Routing Routing is a method of path selection (contrast bridging).

Routing assumes that addresses have been assigned to facilitate data delivery. In particular, routing assumes that addresses convey at least partial information about where a host is located. This permits routers to forward packets without having to rely either on broadcasting or a complete listing of all possible destinations. At the IP level, routing is used almost exclusively, primarily because the Internet was designed to construct large networks in which heavy broadcasting or huge routing tables are infeasible.

Three general prerequisites must be met to perform routing:

  • Design. A plan must exist by which addresses are assigned. Typically, addresses are broken into fields corresponding to levels in a physical hierarchy. At each level of the hierarchy, only the corresponding field in the address is used, permitting addresses to be handled in blocks. In IP, the most common designs are IP Address Classes, Subnetting, and CIDR.

  • Implementation. The design plan must be implemented in switching nodes, which must be able to extract path information from the addresses. Since router programming is generally not under a designer's control, designs must be limited by the features provided by manufacturers. Subnetting's great appeal lies in its great flexibility, while using a fairly simple implementation model.

  • Enforcement. The plan must be enforced in host addressing. A design is useless unless addresses are assigned in accordance with it. Addressing authority must be centralized, possible with subsets of the available addressing space delegated to subordinates.

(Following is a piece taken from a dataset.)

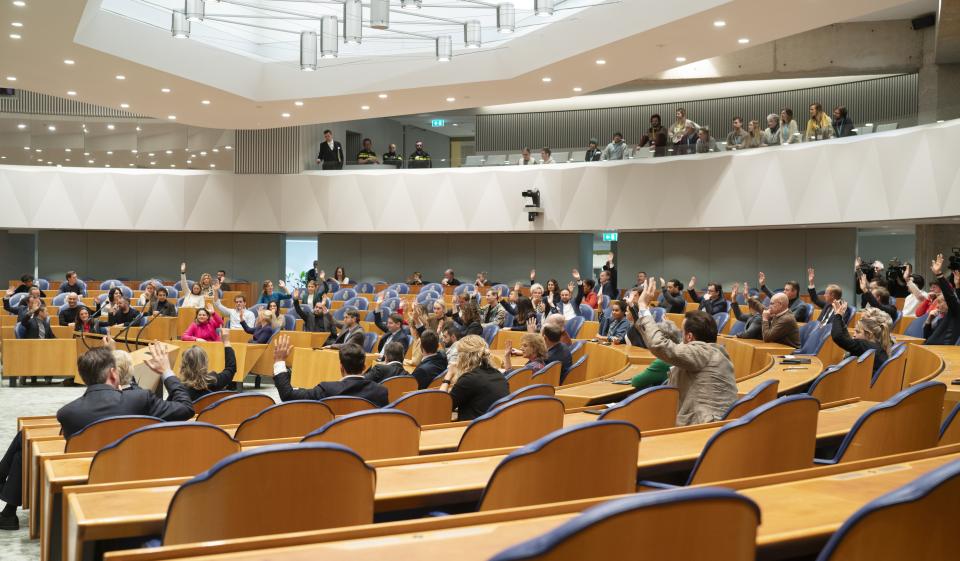 Plenaire zaal van de Tweede Kamer. Kamerleden steken hand omhoog tijdens stemming.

In the Internet environment, routing is almost always used at the IP level, and bridging almost always used at the Data Link Layer. For new network installations, the best advice is to plan for routing even if it's not used at first. This requires some advanced planning to design an addressing scheme that will work. However, the overhead is all human - hardware won't know the difference between organized and haphazard addressing schemes. Plan for the ability to put routers in strategic locations, even if those locations will initially use bridges or just signal boosters (such as Ethernet hubs and repeaters). In this manner, routers can be easily added later. Nothing is more frustrating that knowing exactly where a router should be added... and knowing that a hundred addresses must be changed before it can be.